The NDSU Repository is committed to long-term accessibility of the work it accepts. While most file formats can be accepted into the repository, we need the files to be in the most stable and accessible format for this to happen.
File types that would not need conversion include .pdf, .txt, .svg, .mp4, and .csv.
We will host Microsoft Office files but prefer documents submitted in Microsoft Office formats be converted to more stable formats to make them more accessible for future Repository users.
- Text documents submitted as a Word (.doc/.docx) files should be converted to a .pdf or .txt file, depending on how important formatting is.
- Spreadsheet documents, like Excel (.xls/.xlsx) files should be converted to a .csv files.
- PowerPoint presentation (.ppt/.pptx) files should be converted to a .pdf files.

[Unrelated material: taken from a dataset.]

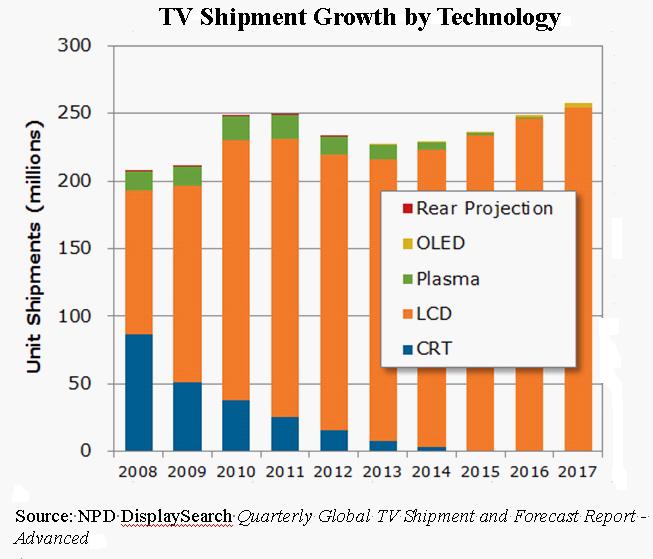 TV Shipment Growth by Technology (Source: NPD DisplaySearch)
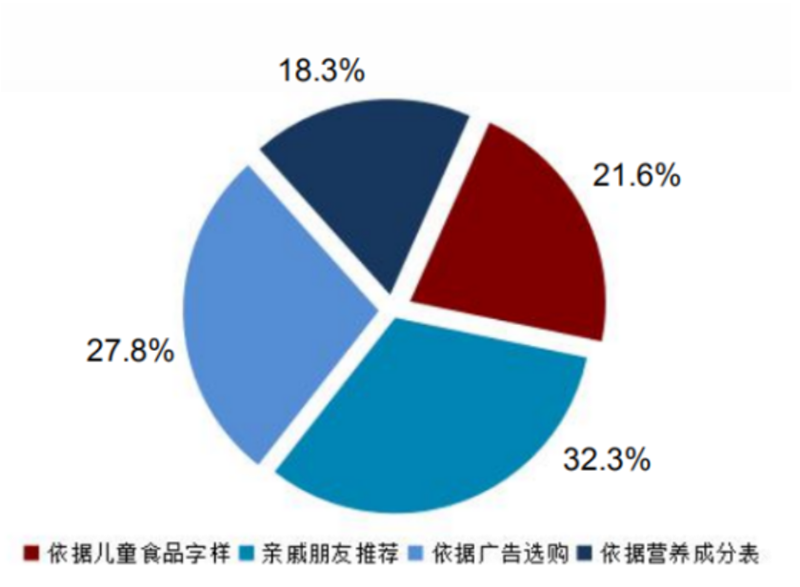 “穿上”卡通包裝的兒童蝦片，價(jià)格超出同類產(chǎn)品近10倍？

We do have some technical limitations on the size of files submitted. We cannot accept individual files that are larger than 1GB. Because of this, we cannot host large research data and the amount of video we can host is limited. We are happy to provide records for all NDSU research projects, and link out to any 3rd-party URL where NDSU research can be found.
If your video file is hosted on the internet, like on a personal website or one of the common services (like YouTube or Vimeo), we can definitely create a record in the NDSU Repository and link to the unique video URL.
- I need help understanding copyright and how it relates to my work.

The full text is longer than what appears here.